Proton launches its password manager Proton Pass in closed beta

Proton has released a password manager. Proton Pass is a password manager that can store notes and nicknames as well as credentials and totp codes. The entire store is then encrypted with end-to-end encryption. The feature will first launch in closed beta.

proton The password vault is called Proton Pass. This would be a feature that will be offered within the Proton packages, but the company doesn’t say if a free variant is also available. Users can store passwords and usernames in a password manager, as well as time-based and one-time password notes and notes. In addition, it is possible to save nicknames. This is a feature introduced by Proton last year that allows users to use an alternate email address to hide their original address.

What’s particularly remarkable about a password manager is that the entire vault is encrypted with end-to-end encryption, rather than just the passwords, as is the case with most password managers. It’s hard to say what that means for users in practice. This may slow down the password manager. Additionally, it means storing safes in one place, which can increase the area of ​​attack. According to Proton, this encryption means that an attacker cannot retrieve metadata, such as which sites a user has an account on.
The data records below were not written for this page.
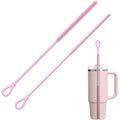 Silicone Straw Cleaner Brush, 2Pcs Reusable Straw Brush Extra Long For Cleaning Tumbler With Handle And Glass Metal Smoothie Straws, Non-Slip Handle Soft And Bendable, 6Mm+9Mm, Pink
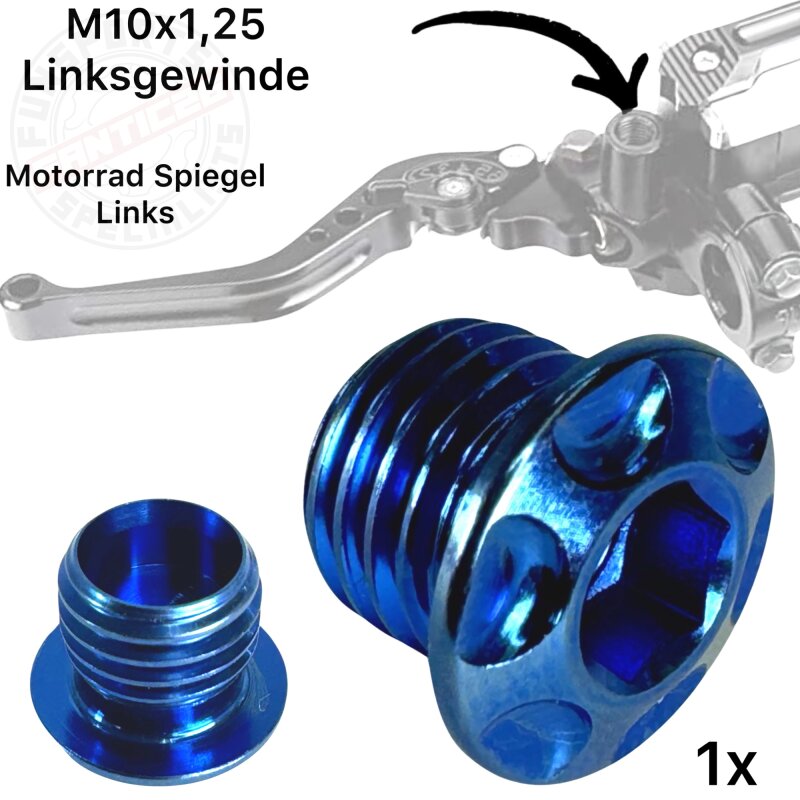 F26 TITAN Motorrad Spiegel Stopfen Links Gewinde M10 x 1.25 Blau
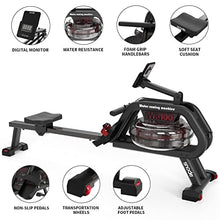 Load image into Gallery viewer, SNODE Water Rowing Machine with Bluetooth APP, Rower Machine for Home Use, Heavy Duty Frame with 331Lbs Weight Capacity
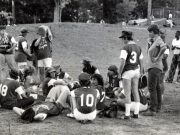 Atlanta Lesbian Feminist Alliance members gather for a softball game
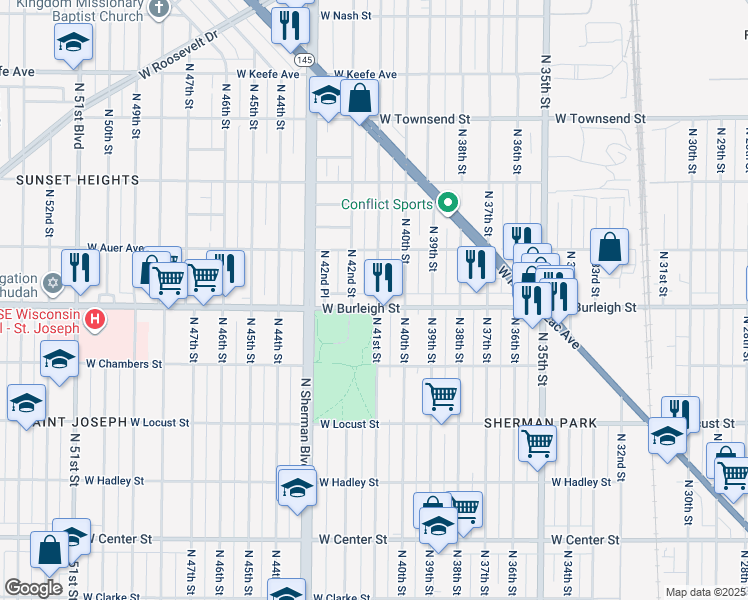 map of restaurants, bars, coffee shops, grocery stores, and more near 3107 North 41st Street in Milwaukee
Proton Pass uses bcrypt as the hash algorithm and uses the Secure Remote Password standard for authentication. Bruton writes in a blog post Individual items are also encrypted with an additional key, so that in all cases a potential attacker with the master key cannot retrieve all passwords during a man-in-the-middle attack. The company offers few details about the encryption for now, but says the code will be made open source later. In addition, the password manager is covered by Proton’s bug bounty program.

The service is currently only available as a closed beta. A random number of users is chosen for this. The service should become publicly available later this year. The manager is available for iOS and Android and as a browser extension for Chrome and Chromium browsers. There is currently no extension for Firefox, because Mozilla has not yet approved it, according to Proton.